Project Description
a high performance threadpool good for tiny / small / medium processor work, which is the base of event_comb procedural programming framework.

this is a high performance threadpool implementation based on AutoResetEvent and thread-safe / lock-free queue <currently there are two solutions based on a locked thread-safe queue and a lock-free queue, with some minor performance difference>, while you can also provide your own thread-safe queue implementation.
this is not a 'better' threadpool than .net internal threadpool, while the .net internal threadpool needs to handle also sync io operation, and properly sleep in the logic. instead, this is a threadpool for mainly tiny / small / medium processor work, no sync io operations, no sleep, not good for heavy lock operations, a typical usage is to handle event_comb for a better performance. will follow a banchmark for details.
the design of the threadpool is to push all the work as a lambda expression in the thread-safe queue, there are several reader / worker threads <the default setting is same as the processor count> to read the work item from the queue and handle the job. if there is no more job, the thread will be in idle status and wait for the AutoResetEvent forever. when pushing a job into the queue, if the count of idle threads is more than 0, the push operation will also set the AutoResetEvent. so it has a very good performance for small and large number processor work items. and for huge and small number work items, several processors may be idle.

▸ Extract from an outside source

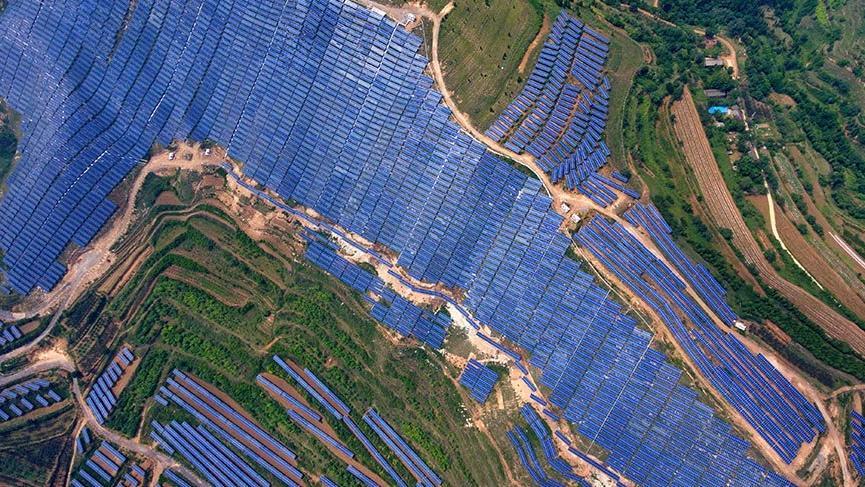Çin’de dev güneş santralleri kuruluyor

for the banchmark, i have write a small piece of code called fake_processor_work, which is just spinwait for a specific time. the unit of the time is tick <1/10000 milliseconds>, so the information below is based on the length of the fake_processor_work, say, threadpool_perf_10 means a large number of workitems, each one will spinwait for 10 ticks. for the detail of the test case, please refer to the source code.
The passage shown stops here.